In one aspect of the present disclosure, a semiconductor package is disclosed. The semiconductor package includes a package substrate. The semiconductor package includes a semiconductor die having a first surface attached to the package substrate and a second surface. The semiconductor package includes a heat sink coupled to the second surface of the semiconductor die. The semiconductor package includes a heat dissipation layer interposed between the heat sink and the semiconductor die. The heat dissipation layer comprises one or more high-k dielectric materials.
In another aspect of the present disclosure, a semiconductor package is disclosed. The semiconductor package includes a first package substrate. The semiconductor package includes a semiconductor die disposed on the first package substrate. The semiconductor package includes a heat dissipation layer disposed on the semiconductor die. The semiconductor package includes a second package substrate disposed on the heat dissipation layer. The heat dissipation layer comprises a plurality of structures, each of the plurality of structures being formed of a high-k dielectric material and having a first surface and a second surface in contact with the semiconductor die and the second package substrate, respectively.
In yet another aspect of the present disclosure, a method for fabricating semiconductor packages is disclosed. The method includes bonding one or more semiconductor dies to a first package substrate, wherein the first package substrate is on a first side of the one or more semiconductor dies. The method includes forming a heat dissipation layer on a second side of the one or more semiconductor dies. The heat dissipation layer comprises a plurality of structures, and wherein each of the plurality of structures is formed of a high-k dielectric material. The method includes coupling a second package substrate to the one or more semiconductor dies, with the heat dissipation layer interposed between the second package substrate and the one or more semiconductor dies. Each of the plurality of structures has a first surface and a second surface in contact with the one or more semiconductor dies and the second package substrate, respectively.

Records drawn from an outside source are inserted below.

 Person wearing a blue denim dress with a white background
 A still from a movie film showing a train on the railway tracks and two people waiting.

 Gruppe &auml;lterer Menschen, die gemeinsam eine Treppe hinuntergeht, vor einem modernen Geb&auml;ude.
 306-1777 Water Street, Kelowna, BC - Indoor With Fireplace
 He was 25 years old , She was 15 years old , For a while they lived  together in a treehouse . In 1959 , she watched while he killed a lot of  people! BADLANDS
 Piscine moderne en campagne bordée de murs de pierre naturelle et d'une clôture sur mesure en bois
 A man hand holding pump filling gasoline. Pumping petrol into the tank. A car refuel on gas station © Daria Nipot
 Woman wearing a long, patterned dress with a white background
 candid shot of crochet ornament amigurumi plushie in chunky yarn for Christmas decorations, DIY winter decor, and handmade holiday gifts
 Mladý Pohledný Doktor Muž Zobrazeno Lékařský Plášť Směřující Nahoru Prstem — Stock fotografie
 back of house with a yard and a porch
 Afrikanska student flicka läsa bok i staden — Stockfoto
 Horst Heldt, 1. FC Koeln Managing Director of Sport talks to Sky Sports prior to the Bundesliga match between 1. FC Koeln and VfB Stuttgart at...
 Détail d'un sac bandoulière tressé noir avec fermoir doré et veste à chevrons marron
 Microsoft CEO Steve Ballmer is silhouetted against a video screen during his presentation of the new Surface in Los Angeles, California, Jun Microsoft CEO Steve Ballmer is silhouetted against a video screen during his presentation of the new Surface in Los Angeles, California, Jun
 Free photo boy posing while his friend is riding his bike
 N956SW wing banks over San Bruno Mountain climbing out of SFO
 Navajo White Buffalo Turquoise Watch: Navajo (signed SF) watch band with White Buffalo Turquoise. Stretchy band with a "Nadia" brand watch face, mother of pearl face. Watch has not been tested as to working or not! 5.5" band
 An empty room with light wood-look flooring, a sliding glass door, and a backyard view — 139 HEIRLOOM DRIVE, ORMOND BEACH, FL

As used herein, the terms “about” and “approximately” generally mean plus or minus 10% of the stated value. For example, about 0.5 would include 0.45 and 0.55, about 10 would include 9 to 11, about 1000 would include 900 to 1100.
The foregoing outlines features of several embodiments so that those skilled in the art may better understand the aspects of the present disclosure. Those skilled in the art should appreciate that they may readily use the present disclosure as a basis for designing or modifying other processes and structures for carrying out the same purposes and/or achieving the same advantages of the embodiments introduced herein. Those skilled in the art should also realize that such equivalent constructions do not depart from the spirit and scope of the present disclosure, and that they may make various changes, substitutions, and alterations herein without departing from the spirit and scope of the present disclosure.